By VIKAS BAJAJ at New York Times

Home construction jumped 14.5 percent to a 33-year high last month, the Commerce Department reported yesterday, a sign that builders may have taken advantage of unseasonably warm weather in January.

The report surprised many analysts because home sales have slowed and the number of unsold homes has risen in many markets around the country in the last several months. Many home builders have also been saying that they are offering bigger incentives to lure buyers.

In January, builders began constructing homes – known as housing starts – at an annual pace of 2.28 million, the fastest level since 1973, after a drop of 6.9 percent in December. Permits for new construction increased 6.8 percent, to 2.22 million, after falling 4.1 percent in December. Compared with January 2005, housing starts were up 4 percent, the government reported.

Warmer wather tends to spur construction activity, and the average temperature in the United States in January, at 39 degrees, was the highest ever recorded by the government, an increase of 8.5 degrees over the historical average for the month. The unusual weather has also been cited for stronger retail sales and weaker industrial production, the latter because utilites produced less electricity. “It is a time-tested pattern,” said David F. Seiders, chief economist for the National Association of Home Builders, noting that builders may have started work on homes that they sold ahead of construction at the end of last year. “February has essentially returned to normal conditions, suggesting to me that we will see a substantial decline in housing starts.”

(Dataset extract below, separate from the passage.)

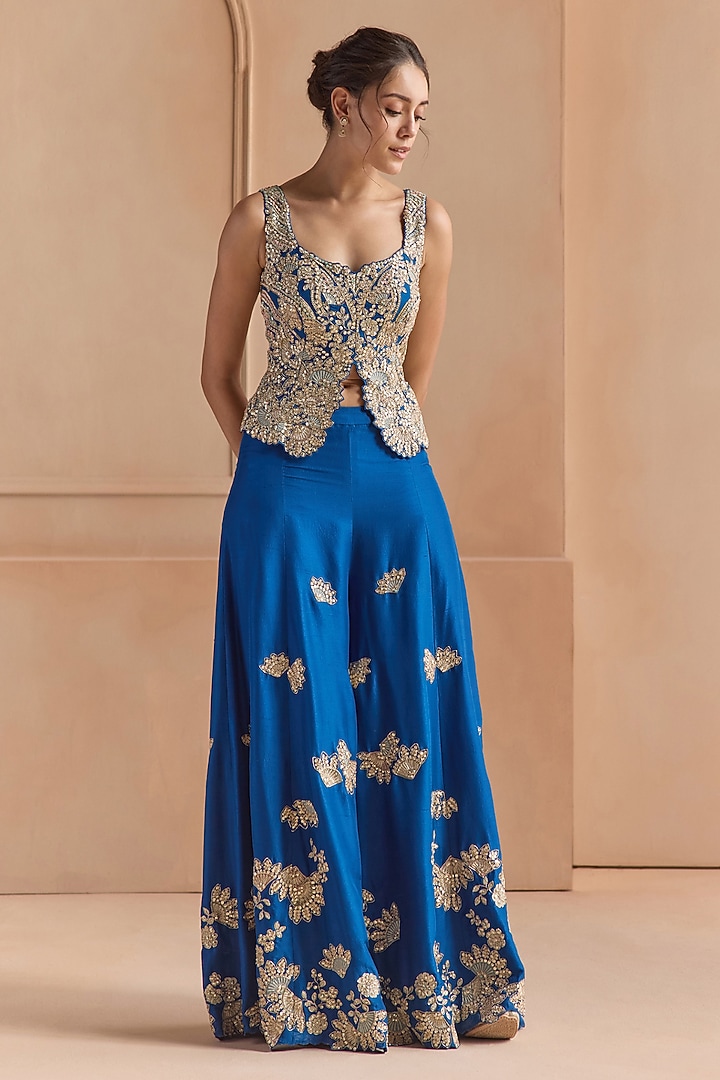 Jade Blue Mulberry Silk Aari Embroidered Gharara Set by Osaa By Adarsh at Pernia's Pop Up Shop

The effect of the weather could further be magnified because most economic data, including housing starts, is adjusted to account for seasonal weather and other patterns. Because January is usually one of the coldest months of the year, those adjustments would have bolstered the data that the Commerce Department reports for the month even if construction were flat. Before adjusting for seasonal factors, housing starts were up 11.3 percent from December.

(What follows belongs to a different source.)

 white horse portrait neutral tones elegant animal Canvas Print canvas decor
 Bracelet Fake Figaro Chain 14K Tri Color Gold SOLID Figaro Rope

“Builders were able to build and so they were out there doing it, and the seasonal adjustment process pumped it up,” said Joshua Shapiro, chief economist at MFR, a research firm in New York.

Housing start dat is also subject to a significant margin of error, plus or minus 9.9 precentage points in January, because it is based on a relatively small smapling of data.

Just last week, two large home builders warned about slowing sales: Toll Brothers, the nation’s largest luxury home builder, said orders fell21 percent in the three months ended Jan. 31 compared with the same period a year ago, and KB Home said more buyers were canceling orders and fewer were signing contracts in the first two months of the years compared with 2005.

But even as they acknowledge the slowdown, many housing industry officials are generally optimistic about the year to come, given that mortgage interest rates remain low and that the economy has been adding jobs at a stronger clip in recent months. The average interest rate on a 30-year fixed rate mortgage was 6.15 percent in January, up from 5.71 percent a year earlier, according to Freddie Mac, but that is still low by historical standards.

“Everybody would agree that 2006 won’t be 2005,” said William Emerson, chief executive of Quicken Loans, a mortgage lender based in Livonia, Mich. “But it will be strong.”

Home building activity was strongest in the Northeast, where starts jumped 29.2 percent; followed by the Midwest, up 23.7 percent; the West, 16.9 percent; and the South, 8.7 percent.

Separately, the Labor Department reported that initial claims for unemployment insurance climbed by 19,000 last week, to 297,000 for the week ending Feb. 11. At 2.5 million, the total number of jobless claims at the end of Feb. 4 was down 7 percent from a year earlier.